(SOURCE DATA)
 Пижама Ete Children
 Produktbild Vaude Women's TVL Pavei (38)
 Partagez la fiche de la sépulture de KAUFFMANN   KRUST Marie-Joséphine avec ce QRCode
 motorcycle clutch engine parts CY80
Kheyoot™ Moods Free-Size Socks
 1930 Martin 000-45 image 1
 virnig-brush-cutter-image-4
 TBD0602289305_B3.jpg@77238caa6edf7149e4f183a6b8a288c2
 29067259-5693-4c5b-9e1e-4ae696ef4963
(End SOURCE DATA)
(SOURCE DATA)
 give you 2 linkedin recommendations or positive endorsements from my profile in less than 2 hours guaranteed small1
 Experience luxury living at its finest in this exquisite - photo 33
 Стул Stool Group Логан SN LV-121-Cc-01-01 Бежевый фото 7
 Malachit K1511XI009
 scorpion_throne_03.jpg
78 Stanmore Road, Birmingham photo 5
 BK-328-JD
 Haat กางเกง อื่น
(End SOURCE DATA)
(SOURCE DATA)
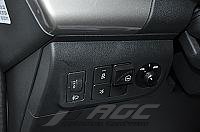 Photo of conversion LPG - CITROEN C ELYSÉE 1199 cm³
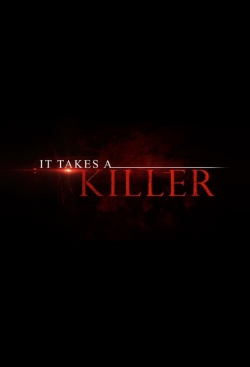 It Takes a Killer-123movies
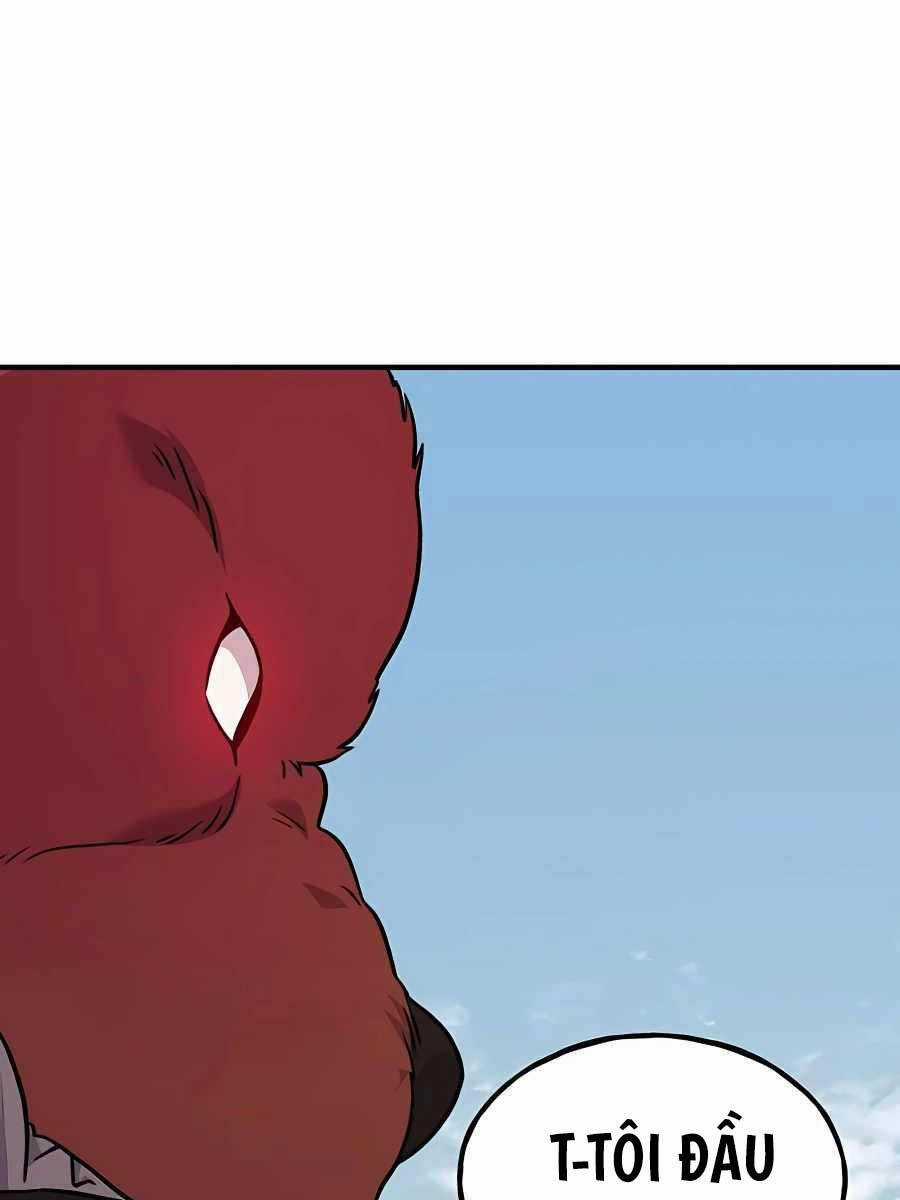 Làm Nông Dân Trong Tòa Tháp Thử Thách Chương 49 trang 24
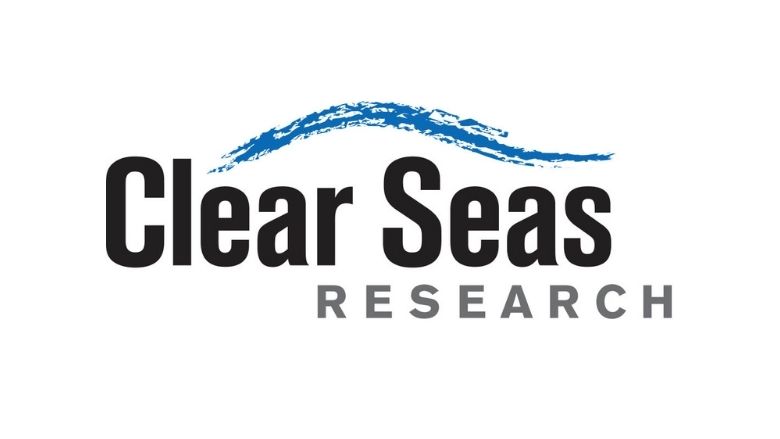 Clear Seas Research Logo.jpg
(End SOURCE DATA)
- _TASK DETAILS_: In the records above, everything from the line with "It Takes a Killer-123movies" down to the line with "Clear Seas Research Logo.jpg" is to be set down exactly, both ends included, with no pictures and no other lines.

- _EXERCISE ANSWER_:
 It Takes a Killer-123movies
 Làm Nông Dân Trong Tòa Tháp Thử Thách Chương 49 trang 24
 Clear Seas Research Logo.jpg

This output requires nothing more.